El documento también repite el mensaje general entregado por Schumer en julio del 2009 cuando delineó sus principios de una reforma migratoria: "Los estadounidenses se oponen a la inmigración ilegal y apoyan la inmigración legal".
A su vez, se especifican cuatro pilares básicos: exigir tarjetas de seguridad social biométricas para asegurarse que los trabajadores indocumentados no tengan trabajo; fortalecer el cumplimiento de los compromisos en materia de seguridad fronteriza; crear un proceso para la admisión de trabajadores temporales y la implementación de un camino a la legalización de los que ya están aquí.
"Nosotros necesitaríamos que todos los ciudadanos de Estados Unidos y los inmigrantes legales que desean un empleo obtengan una tarjeta de seguro social a prueba de fraudes. El identificador biométrico único de la tarjeta será almacenado sólo en ella; ninguna base de datos del gobierno tendrá esa información. Las tarjetas no contendrán ninguna información privada, médica, ni dispositivos de seguimiento. La tarjeta será una versión de alta tecnología de la tarjeta de la Seguridad Social que los ciudadanos ya tienen", dice la columna.
La semana pasada el senador Lindsey Graham atacó fuertemente el liderazgo de Obama en inmigración, e incluso dijo que esperaba que la Casa Blanca delineara una propuesta. Sin embargo, el hecho de que su nombre esté en este documento indica que, más allá de la retórica, está trabajando en este tema.
Ayer, minutos después de la difusión del marco de trabajo, Obama lo respaldó a través de una declaración donde dijo que le complace "ver que los senadores Schumer y Graham han producido un prometedor marco bipartidista que puede y debe ser la base para seguir adelante", dando su apoyo a las provisiones propuestas por los legisladores.
"Mi administración consultará más con los senadores sobre los detalles de su propuesta, pero el próximo paso crucial será traducir su marco en una propuesta legislativa, y que el Congreso actúe a la brevedad posible", dijo.
Después de varias semanas apelando a un mayor liderazgo público de la Casa Blanca, diversas organizaciones pro inmigración ven los acontecimientos como señales positivas. "Se le pidió al Presidente que ayudara a acelerar el proceso y que al momento que los senadores difundieran el marco de trabajo, la Casa Blanca lo apoyara. Las piezas van cayendo en su lugar, ni lo que Schumer y Graham hicieron es el total de lo que tienen que hacer. Obviamente lo que le sigue es hacerlo realidad", dijo Clarissa Martínez, directora de inmigración y campañas del Consejo Nacional de la Raza (NCLR).

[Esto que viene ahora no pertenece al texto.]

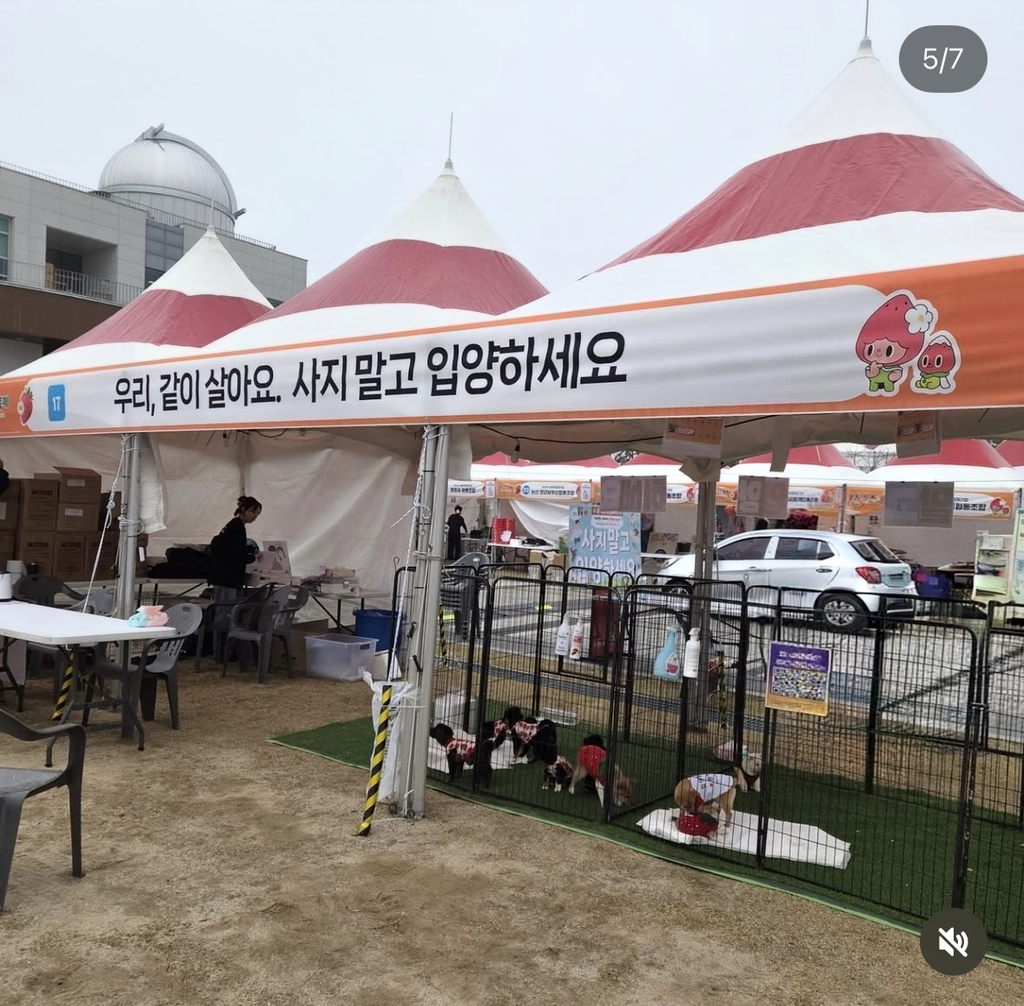 논산딸기축제-가면-제일-먼저-줄서야하는-부스.jpg-10-이미지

Precisamente, ahora el siguiente paso debiera ser la introducción de un proyecto de ley, cuando los tiempos se acortan cada vez más, en un año de elecciones legislativas.

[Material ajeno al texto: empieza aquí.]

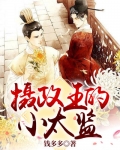 摄政王的小太监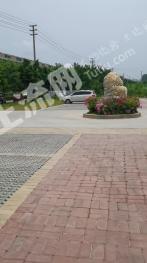 梧州藤县 3363平方米 零售商业用地 使用权转让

Esta semana el senador Patrick Leahy (D-VT), presidente del Comité Judicial del Senado, donde la propuesta sería introducida, dijo en una declaración que "continuará trabajando con Schumer, Graham y todos los que quieran. Además de colaborar con el liderazgo del Senado y el Presidente para determinar la mejor manera de proceder".
Sin embargo, aún no hay fechas claras a tan sólo dos días de la Marcha por América.